# Toolbox draw liners and dividers



## Z4-35i (Jun 12, 2012)

Hi,

My new Birzman and Halfords tool boxes have arrived and I'm keen to keep everything nice and organised, now I have a little more space for everything.

Are there any recommendations you have for both draw liners and also draw dividers for keeping sockets, spanners etc. organised.


----------



## puckacostello (Apr 1, 2010)

If your really ocd you can buy high density black foam and cut each tool shape out,

,









Halfords sell drawer liners and dividers also

http://www.halfords.com/webapp/wcs/...&productId=203645&categoryId=255214&langId=-1

For sockets I'd suggest using socket posts that can be found on ebay they have the size printed on them


----------



## Z4-35i (Jun 12, 2012)

puckacostello said:


> If your really ocd you can buy high density black foam and cut each tool shape out,
> 
> ,
> 
> ...


Thanks,

The custom foam ones do look good, but I don't think I have the time or skill to cut them by hand. The custom laser cut ones get quiet expensive.

I had a look at the Halfords dividers but they looked a bit flimsy for the price and had mixed reviews.

The socket posts look ideal, not seen these before. :thumb:


----------



## Z4-35i (Jun 12, 2012)

I found this thread on The Garage Journal.

Warning reading this thread may cause socket envy :argie:


----------



## RedUntilDead (Feb 10, 2009)

I just line mine with some textured thin black rubber. What sizes and how many do you require as I have a roll left and could possibly sort you out:thumb:

PS postage costs to be covered of course, im not into charity


----------



## Z4-35i (Jun 12, 2012)

RedUntilDead said:


> I just line mine with some textured thin black rubber. What sizes and how many do you require as I have a roll left and could possibly sort you out:thumb:
> 
> PS postage costs to be covered of course, im not into charity


Thanks for the offer, but I've just ordered some neoprene sheets which should do the job.


----------



## jenks (Apr 20, 2009)

Just in the process of sorting my new tool chest & drawers.
Picked up some anti slip matting to start with but now got serious tool envy looking at that garage journal link.

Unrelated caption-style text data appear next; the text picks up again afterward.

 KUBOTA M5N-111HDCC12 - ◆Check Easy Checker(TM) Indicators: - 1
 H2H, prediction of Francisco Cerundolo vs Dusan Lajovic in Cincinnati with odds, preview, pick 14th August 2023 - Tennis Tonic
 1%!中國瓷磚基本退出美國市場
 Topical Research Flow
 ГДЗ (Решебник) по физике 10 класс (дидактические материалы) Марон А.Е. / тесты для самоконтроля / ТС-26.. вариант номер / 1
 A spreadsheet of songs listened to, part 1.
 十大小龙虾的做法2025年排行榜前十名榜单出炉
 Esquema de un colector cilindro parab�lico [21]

Got a Halfords 150 piece pro socket set which i split the case and fits quite well in the drawers but like the look of the socket racks:thumb:


----------



## theshrew (May 21, 2008)

Just get some socket rails. They are all pretty much the same tbh. I have snap on,teng and real cheap ones all do the job well. 

As for spanners you can buy plastic things that are a bit like a row of sharks teeth that you can keep spanners in order etc mine are snap on ones but im sure others make them 

Id take a pic of mine but all my tools are in my Dads garage which means my box will be a right mess and half of my stuff will be missing


----------



## chriswebby (Apr 14, 2013)

:devil::devil:Yes


----------